### WORK INSTRUCTIONS
The part below that opens with the line containing "Botez Bogdan. Fotograf" and closes with the line containing "2022-2025 RE Hunter" should be copied exactly, minus any pictures.

AVAILABLE DATA: Begin

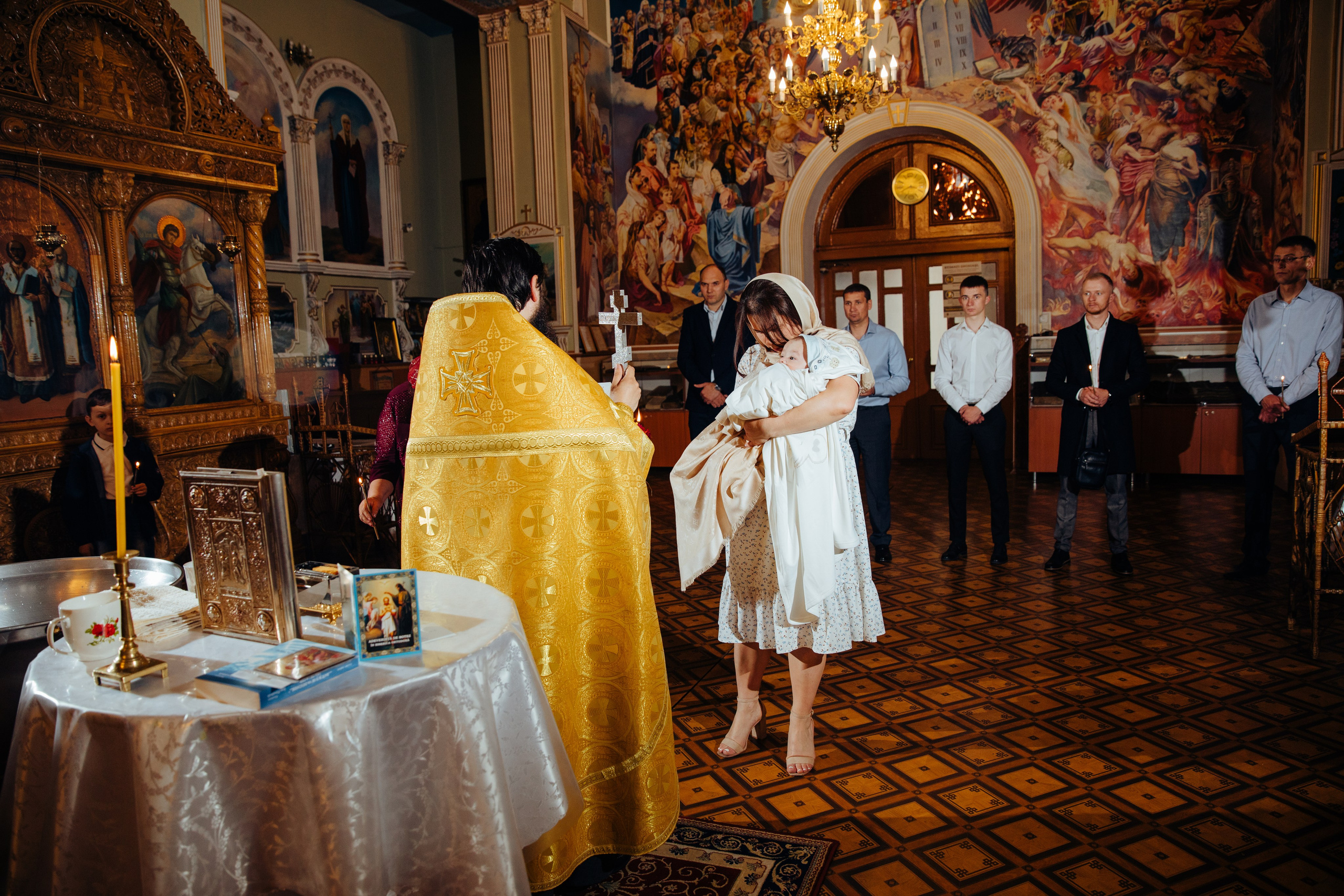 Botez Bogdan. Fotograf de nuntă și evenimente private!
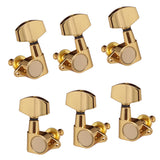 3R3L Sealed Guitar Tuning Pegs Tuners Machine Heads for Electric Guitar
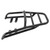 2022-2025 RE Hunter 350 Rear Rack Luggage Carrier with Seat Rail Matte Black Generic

AVAILABLE DATA: End
AVAILABLE DATA: Begin

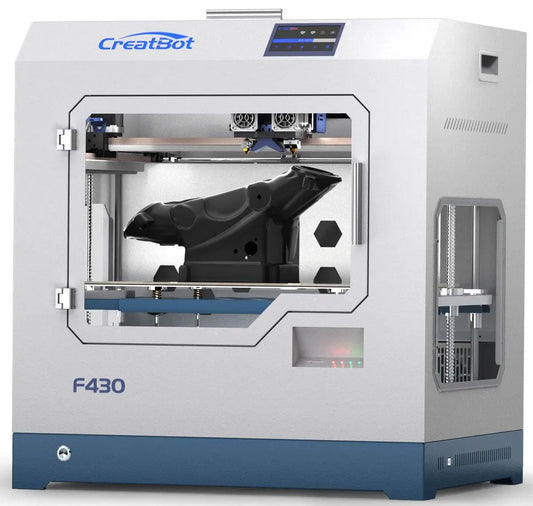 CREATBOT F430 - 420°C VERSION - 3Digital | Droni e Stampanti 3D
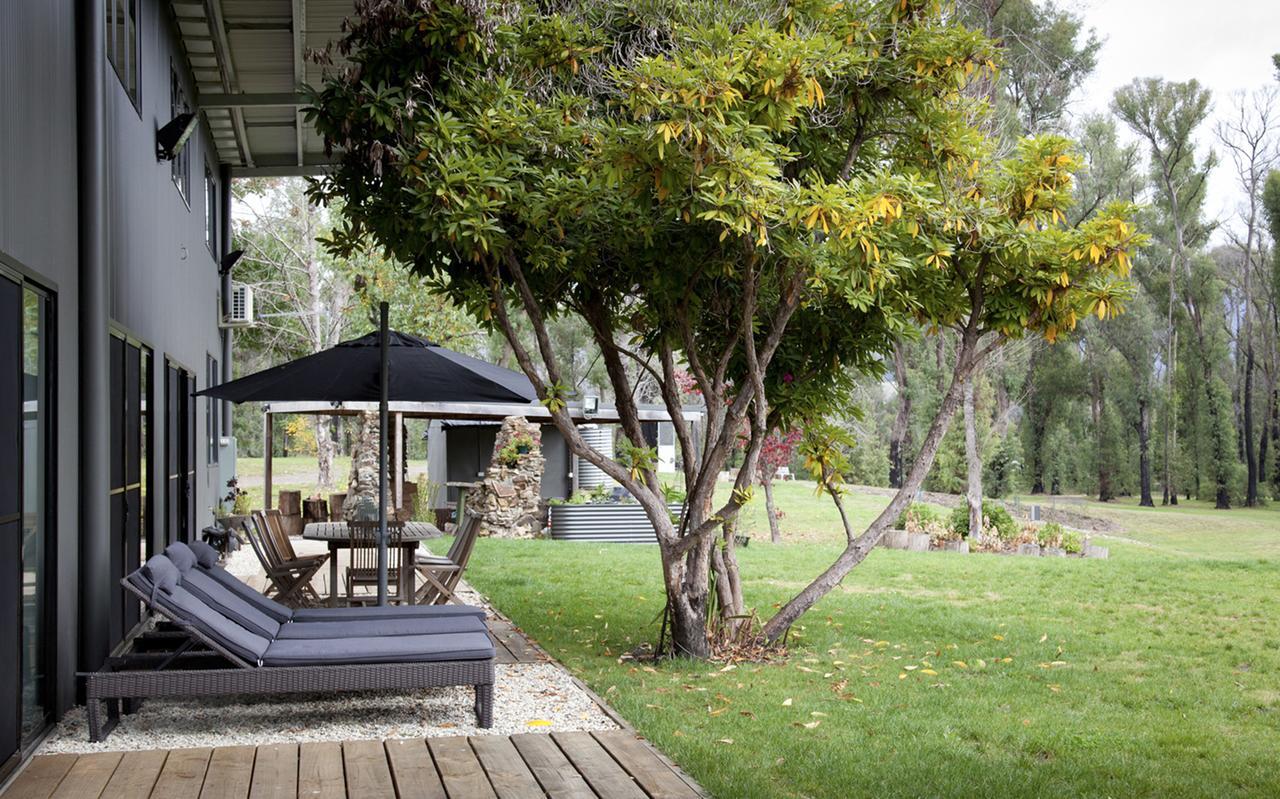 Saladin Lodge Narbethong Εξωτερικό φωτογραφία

AVAILABLE DATA: End

### REPLY
 Botez Bogdan. Fotograf de nuntă și evenimente private!
 3R3L Sealed Guitar Tuning Pegs Tuners Machine Heads for Electric Guitar
 2022-2025 RE Hunter 350 Rear Rack Luggage Carrier with Seat Rail Matte Black Generic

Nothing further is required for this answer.